Meredith Costain offers adventure with a capital T in ‘The Thrill-Seekers Club’ where three daring young protagonists undertake a search for thrills that leads them deeper into adventure than they ever meant to go, and hinges cleverly on a game. Her own tastes as a reader of thrillers runs to crime fiction and she recommends Ruth Rendell's novels which allow a reader to get inside criminals’ heads; also books by Janet Evanovich about bounty hunter Stephanie Plum, though she points out that these could almost be classed as thrillers, despite often being regarded as crime or mystery novels.

Both Bill Condon's ‘The Cost of Air’ and Phillip Gwynne's ‘Humble Pie’ provide a hair-raising look at revenge.

In ‘Trust Me!’, Deborah Abela offers a crime story through the eyes of a quirky, personable innocent bystander and for those who decide they would like to try more crime fiction, she recommends Barry Gifford's Wild at Heart. It made such a big impression that it inspired her first novel.

A legal background gives Kerry Greenwood's crime fiction a fierce authority, but in the chilling ‘Heat’ she is paying homage to the sort of horror/science fiction that looks at the consequences of scientific advances.
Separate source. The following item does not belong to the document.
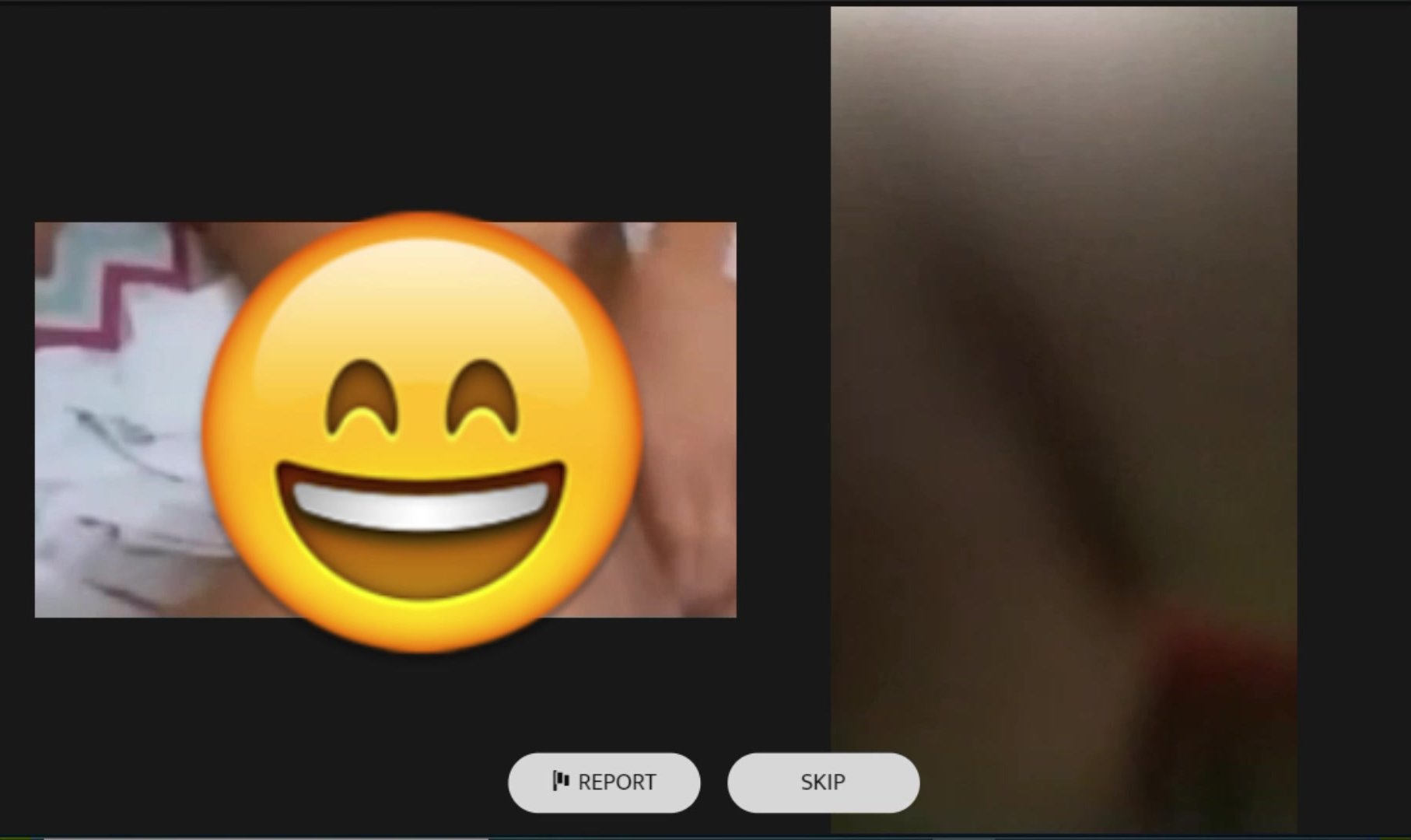 brazilian tricked on webcam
Citing her own favourite in this genre, she recommends The Sound of Thunder, which involves a man going back in time to the Jurassic period and straying off an imposed path just enough to crush a butterfly. When he comes back his world has totally changed because he killed the butterfly.
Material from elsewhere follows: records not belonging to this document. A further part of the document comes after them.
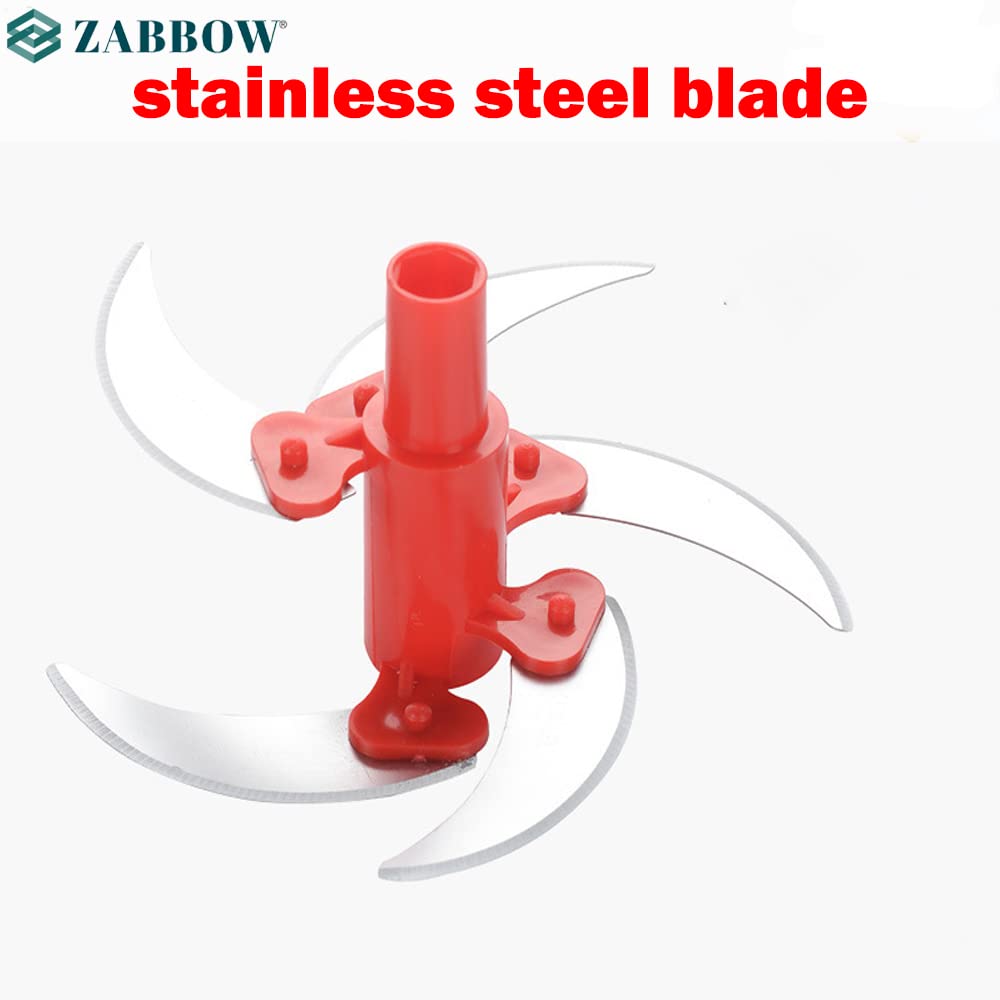 Manual Food Processor,Hand Powered Crank Food Processor Chopper,Food Vegetable Onions Chopper Processor Blender Mixer,for Vegetables Meat Fruits Onions,10 Cup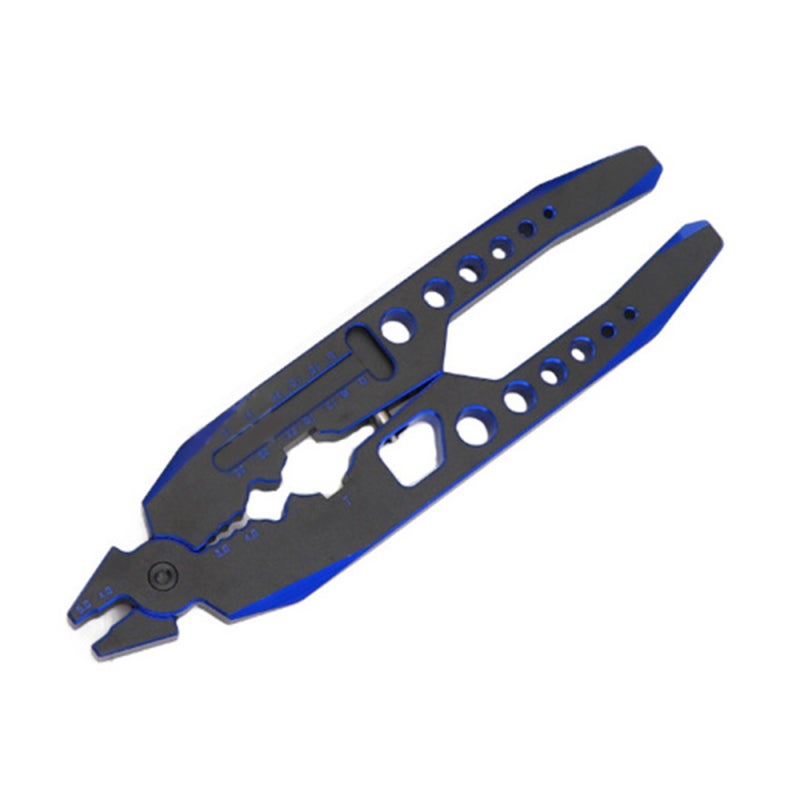 Multi-function Shock-absorbing Car Model Pliers Multipurpose Remotely Control Car Assembly Maintenance Tool Ball End Screw Clamp Pliers - Image 1
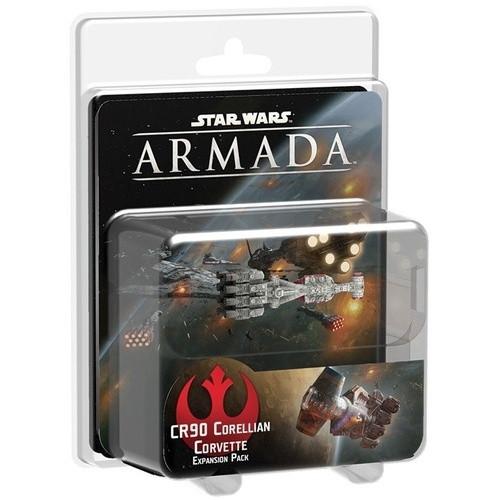 Star Wars Armada CR90 Corellian Corvette New - TISTA MINIS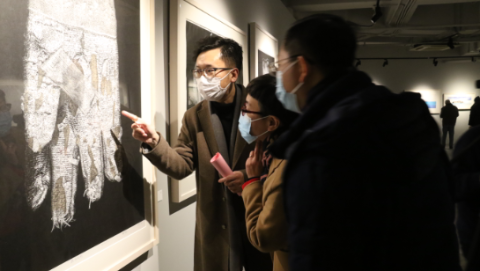 见证版画艺术“绿遍江南”，第二届长三角中青年版画家邀请展在沪开幕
‘The Knock-Down Girl’ by Jim Schembri uses the classic situation of one life impacting on another by chance, to offer a thriller story with a tinge of whodunit. The first person narration gives the story a pacy, modern feel. Jim admits that his all-time favourite thriller is The Postman Always Rings Twice by James M Cain, though he also likes Alistair Maclean and Hammond Innes.
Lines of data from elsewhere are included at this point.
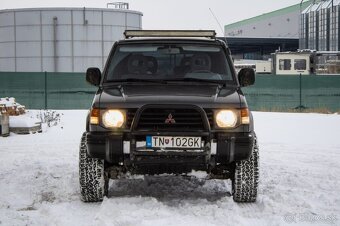 Mitshubishi Pajero 2.5 TD, 73kW - 2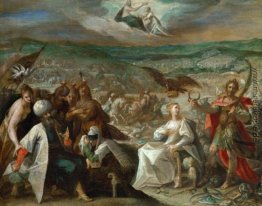 Allegorie auf die Eroberung von Stuhlweißenburg (Székesfehérvár) Allegorie auf die Eroberung von Stuhlweißenburg (Székesfehérvár)
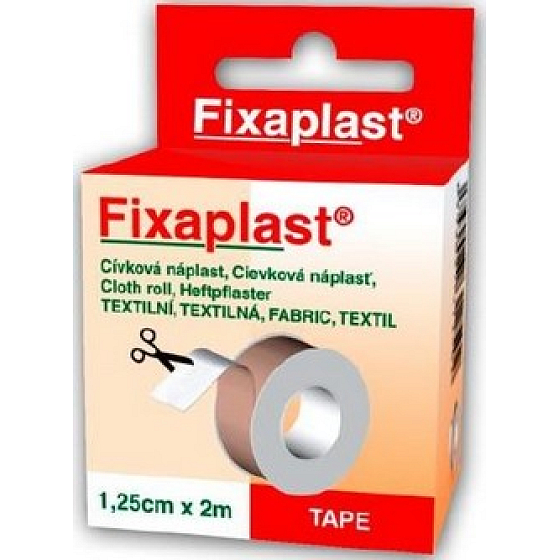 Fixaplast 1,25 cm x 6 m Textilrollenaufnäher
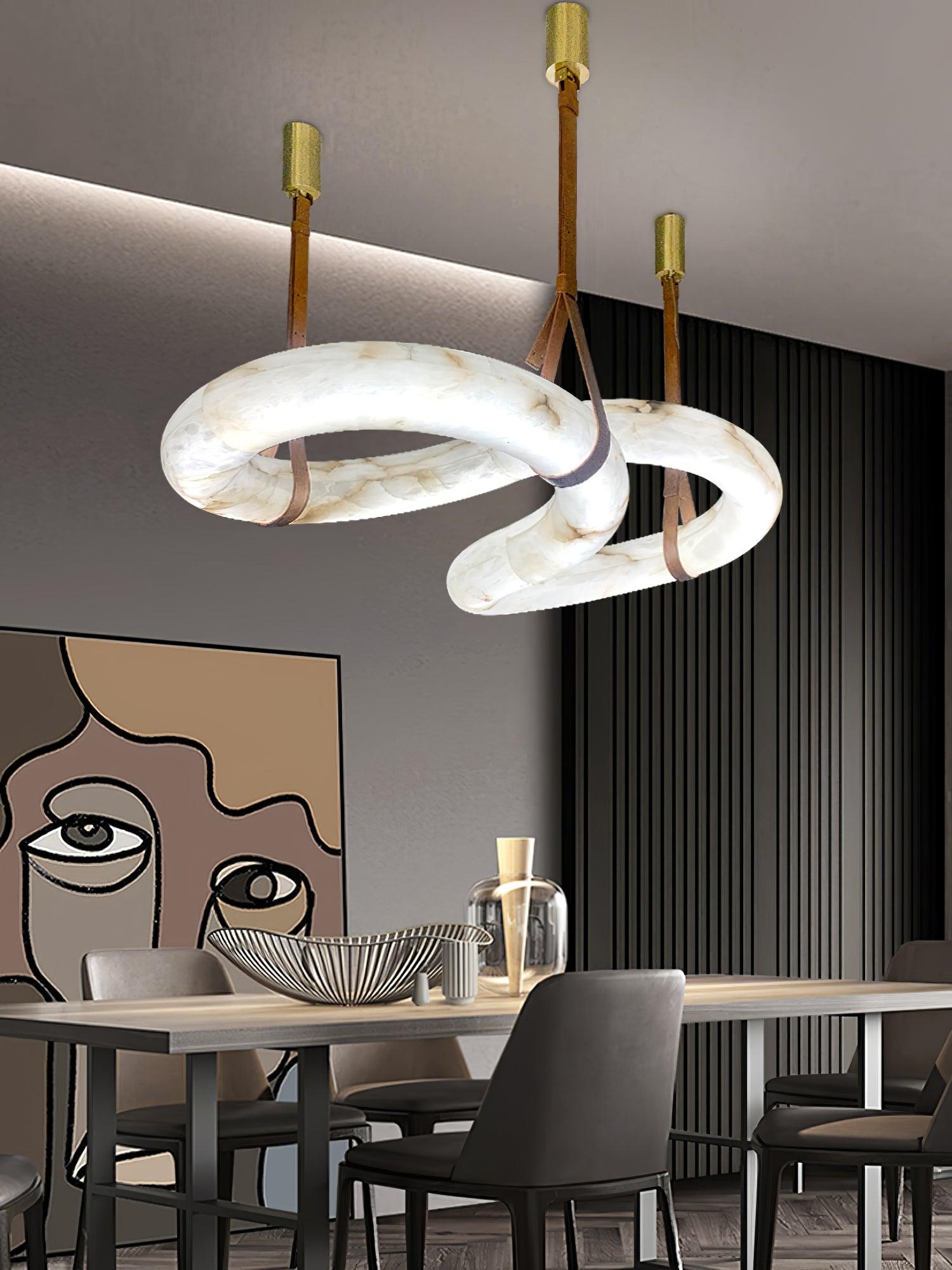 Infinity Pendant Lamp - Lumpaz
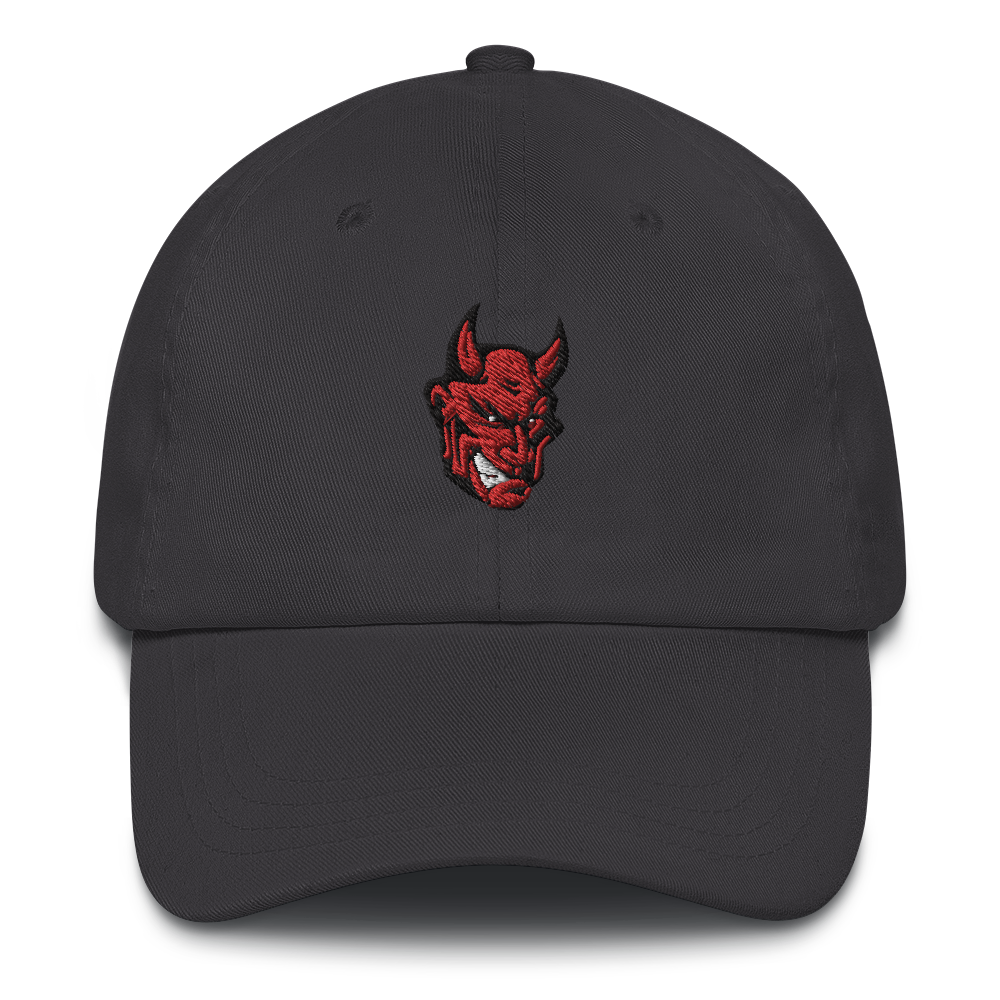 Casquette tête de Démon Brodé Unisexe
Justin D'Ath's ‘Wild Africa’ is an adventure, but with an SF twist that gives the story a nice originality. The characters are well drawn, too, which is often not the case in adventure stories. Anyone with a hunger for adventure might also try John Marsden's Tomorrow, When the War Began series or some of Robin Klein's books.

Robert Hood's ‘Abandoned’ begins with a reluctant clean-out and a visit to the tip, and ends in the same place, with a murder mystery in between. Rob categorises his chosen genre as supernatural crime and recommends anyone wanting to try more of the genre to read the supernatural noir thriller Falling Angel by William Hjortsberg. This was the inspiration for the chilling film Angel Heart. He also recommends horror greats Clive Barker, Peter Straub, and of course, Stephen King, for those who have had their appetite for darkness and fear whetted by this collection.

In ‘Striking Fear’ by Sean McMullen we have the story of boy meets bully, with a threading through of science that tips its hat to classic science fiction. A reader liking this story might like to try some Heinlein. My personal favourites are The Door into Summer or the story that became the classic SF movie BladerunnerDo Androids Dream of Electric Sheep? Sean recommends William Tenn's short story ‘Time in Advance’ where people can serve a sentence for murder before committing the murder. I recommend The Midwich Cuckoos.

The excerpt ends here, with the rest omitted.